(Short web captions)
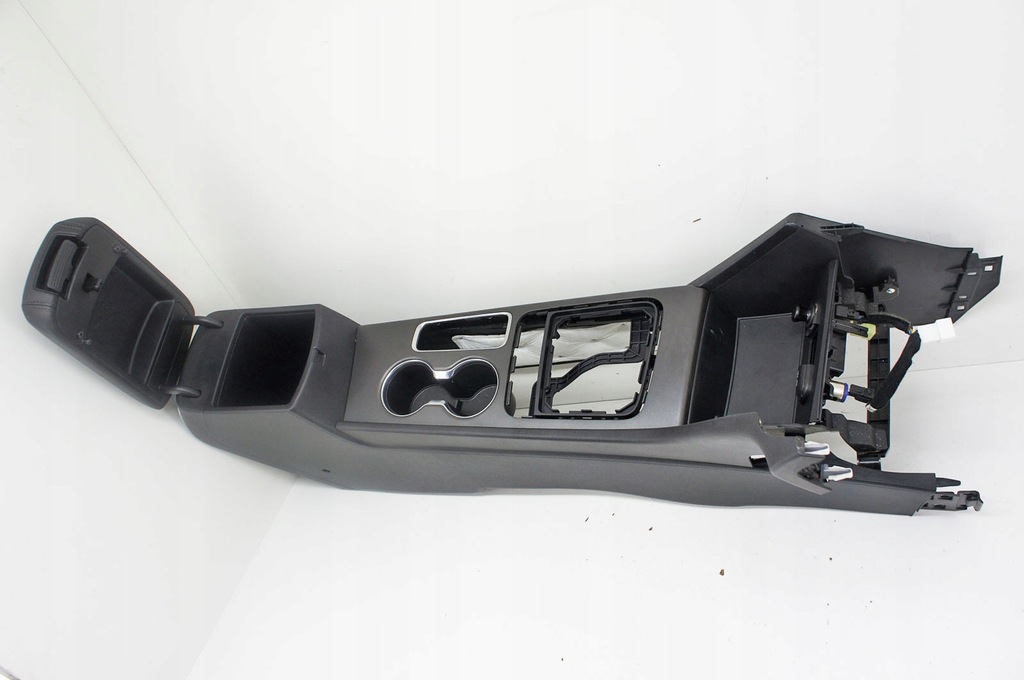 фото №5, Ri006 kia optima iv jf туннель средний защита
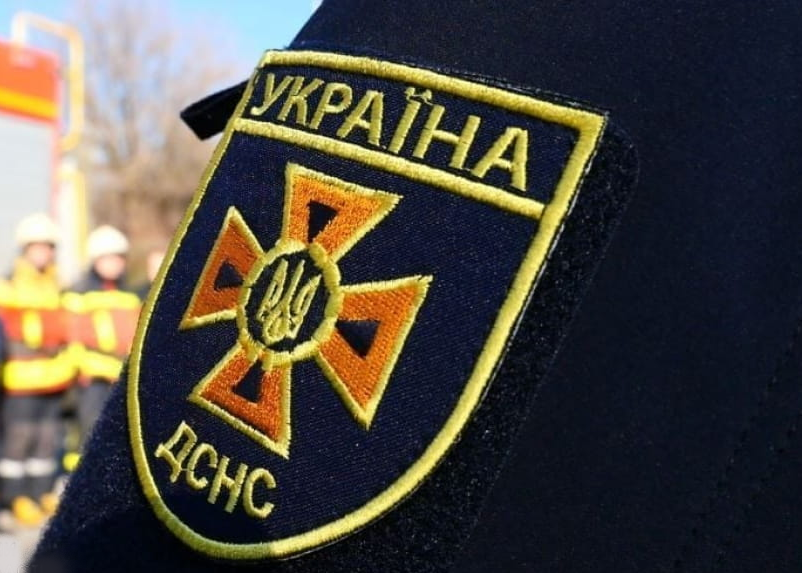 Генерал-майора з Хмельниччини звільнено із високої посади в ДСНС Генерал-майора з Хмельниччини звільнено із високої посади в ДСНС
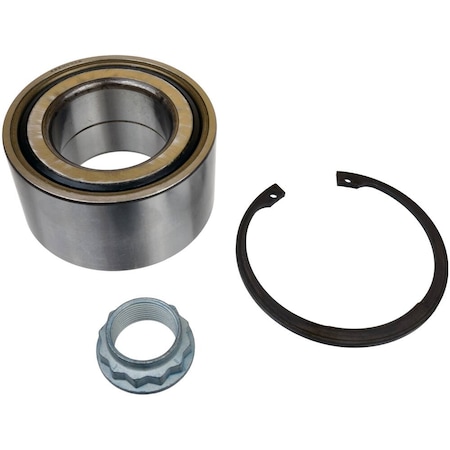 Skf Wheel Bearing Kit, Wkh3628 WKH3628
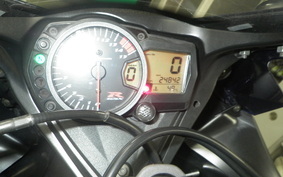 SUZUKI GSX-R1000 2006 B6121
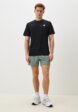 Шорты для плавания adidas2  - превью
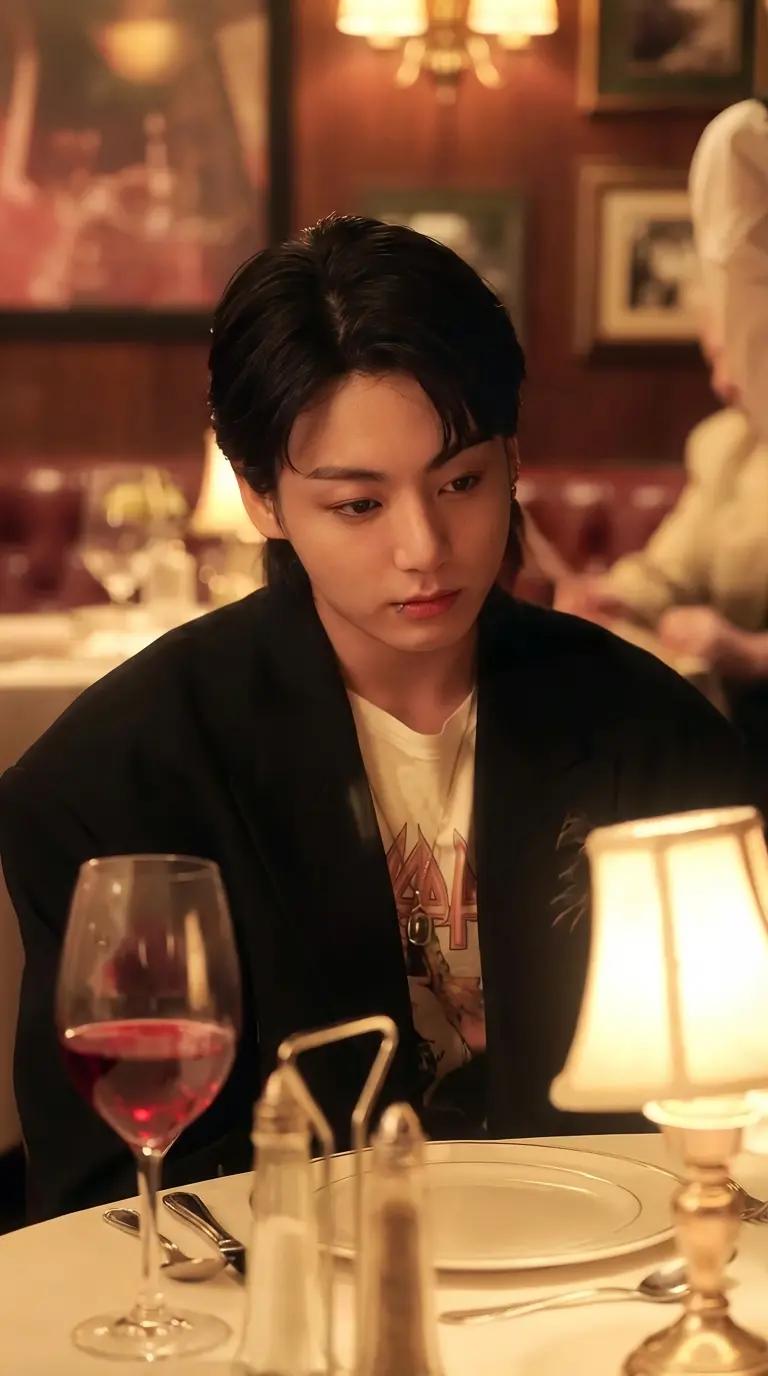 Jungkook. thumbnail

**TASK**
Excluding all pictures, print exactly and only the lines from the line with "в ДСНС Генерал-майора" through the end of the records above, both ends included.

**EXERCISE ANSWER**
 Генерал-майора з Хмельниччини звільнено із високої посади в ДСНС Генерал-майора з Хмельниччини звільнено із високої посади в ДСНС
 Skf Wheel Bearing Kit, Wkh3628 WKH3628
 SUZUKI GSX-R1000 2006 B6121
 Шорты для плавания adidas2  - превью
 Jungkook. thumbnail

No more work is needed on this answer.